Week 5 Lecture 5 - Nativist approaches Flashcards
What does the nativist approach assume about language acquisition?
- children learn language with innate machinery that is specific to language
- universal grammar
What do nativist argue that utterances are? Why?
- children’s utterances are creative because they have access to innate grammatical rules
What do Constructivists argue that utterances are? Why?
- children’s utterances are creative because creativity is based on the use of lexical frames learned from the language the child hears
What do nativist argue about adult word order?
children observe adult word order because they have an abstract rule
What do constructivists argue about adult word order?
children observe adult word order because they pick up high frequency lexical frames from their input
What do nativist argue about generalisations?
they provide evidence of abstract (innate) rules
What do constrcutivists argue about generalisations?
generalisations demonstrate that children learn these patterns gradually from distributional analysis of the languages they hear
What are the nativist assumptions?
- grammar is a symbolic computational system which process the relationships between abstract variables
- grammatical categories and rules are there from birth
- predict that the acquisition of a particular aspect of grammar should have an all-or-nothing quality
What are 2 general predictions of the nativist approach?
1.) children should learn these innately specified aspects of grammar very early on
2.) children should show consistent treatment of members of a particular grammatical category
What are the principles are parameters of Universal Grammar?
- all the possible rules for languages are innate
- grammar rules apply in all languages
- where the rules of grammar differ across languages, they do so in highly constrained ways which are encoded by parameters
- children need to work out which parameter settings apply for the language they are learning
What are the theoretical advantages of UG?
- avoids problem of explaining how children acquire complex grammatical rules
- allows a unified theory of acquisition across languages whilst explaining how languages differ
What empirical evidence is there for principles and parameters?
- children’s early utterances observes adult word order (parameter set)
- children are productive from early on
- children show productive use of some Noun and Verb inflection from age 2.5 and readily combine novel Nouns with other words
children understand role of word order from 2yo (preferential looking studies)
What does evidence from preferential looking studies suggest?
- children can identify the correct picture to match subject-verb-object sentences from a choice of 2 causal actions (Gertner, Fishers & Eisengart, 2006)
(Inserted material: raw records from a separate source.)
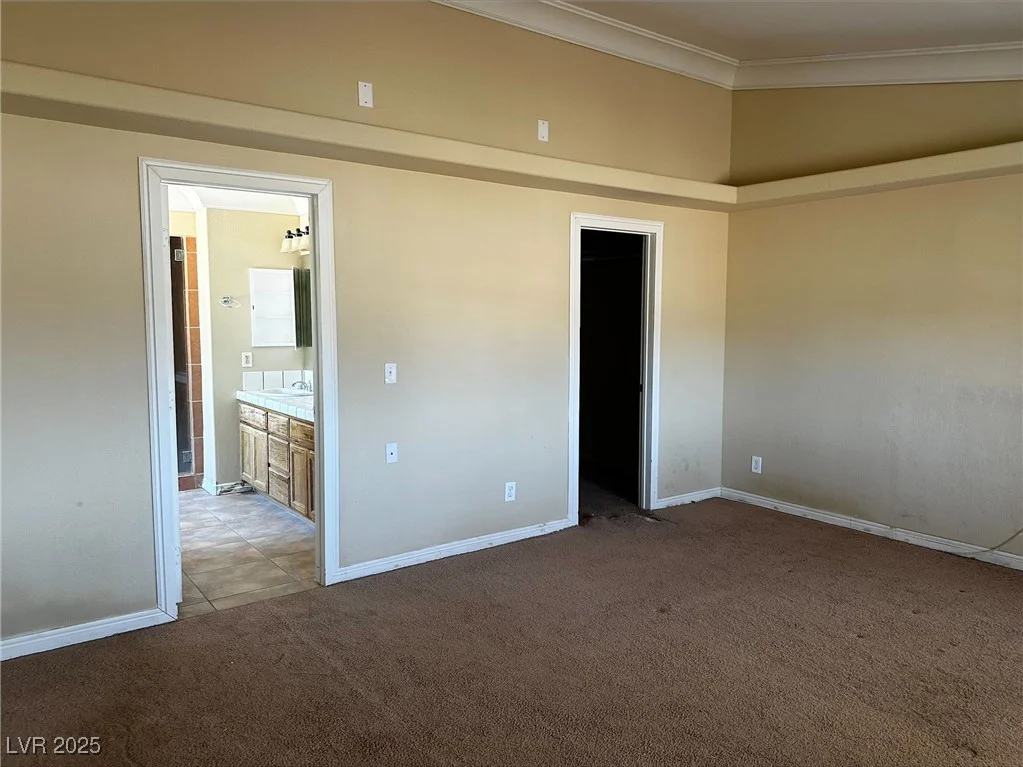 3750 Rainbow, Pahrump, NV 89048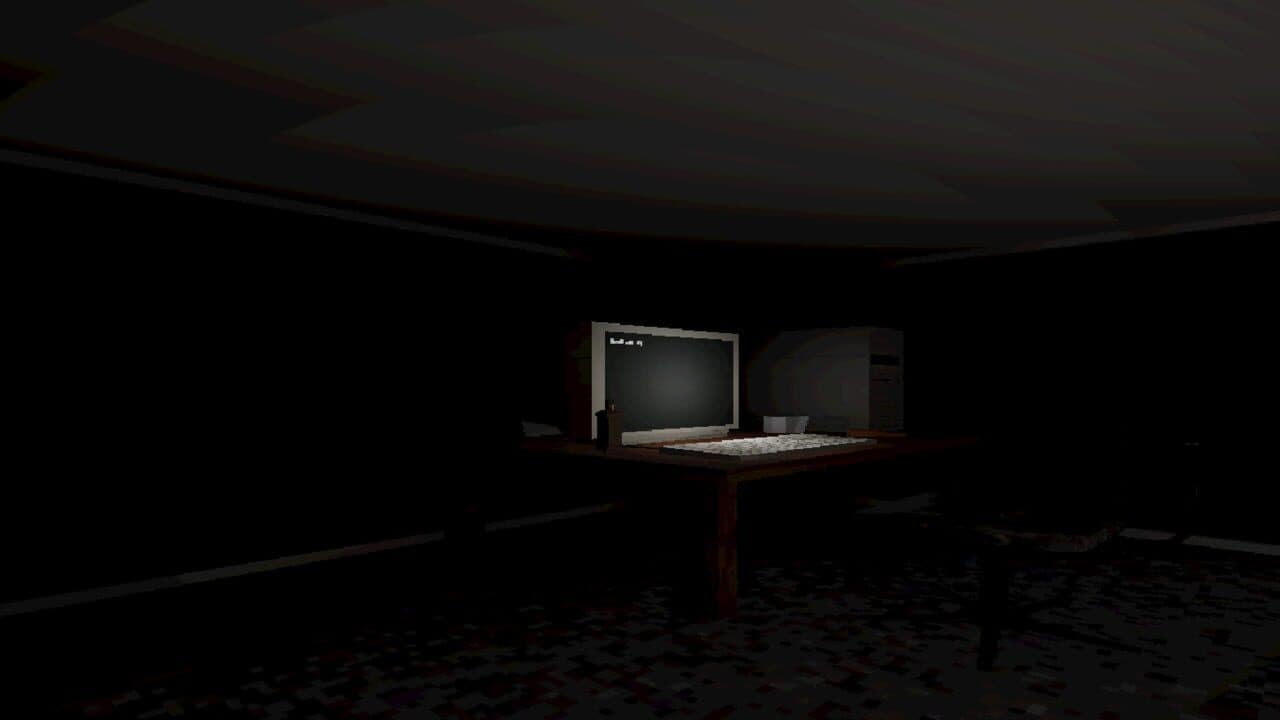 Are You Alone? thumbnail 3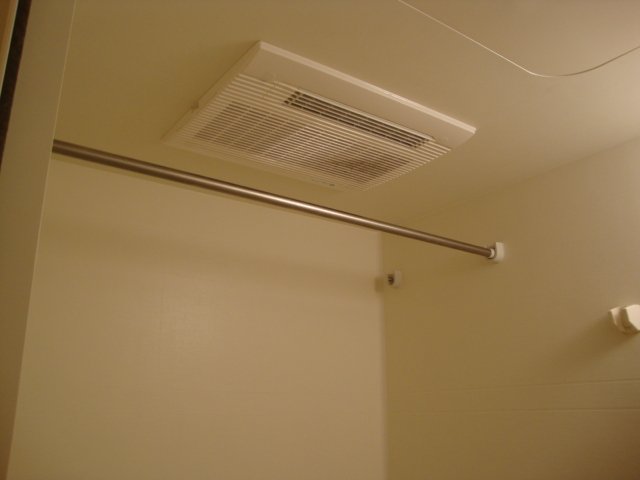 21/23 その他画像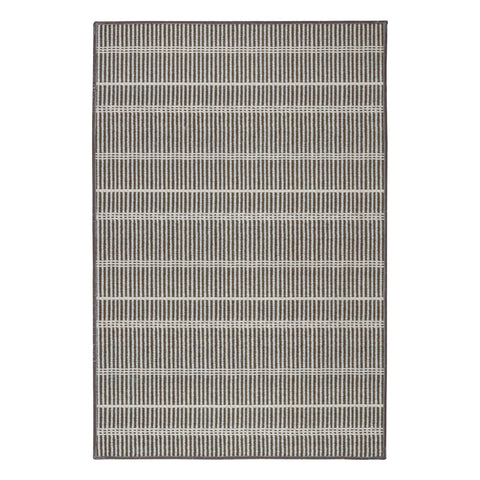 Samson Machine Washable Rug | Oak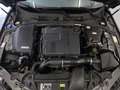 Jaguar XF Luxury Grau - thumbnail 9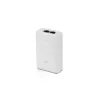 PoE adapteris Ubiquiti POE-24-24W-5P-EU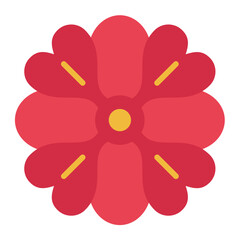 Anemone Icon Style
Taken as evidence for setting the word order pattern
Is there clear results for distinguishing non-causal actions described with subject-verb construction? (Preferential looking studies)
No not as clear as for causal action
Disagreement as to what these results mean - comprehension vs. production
What are some theoretical problems for UG?
- parameters not clearly specified
- unclear how children avoid setting parameters incorrectly
- bilingualism –> how do children set 2 or more versions of the same parameter?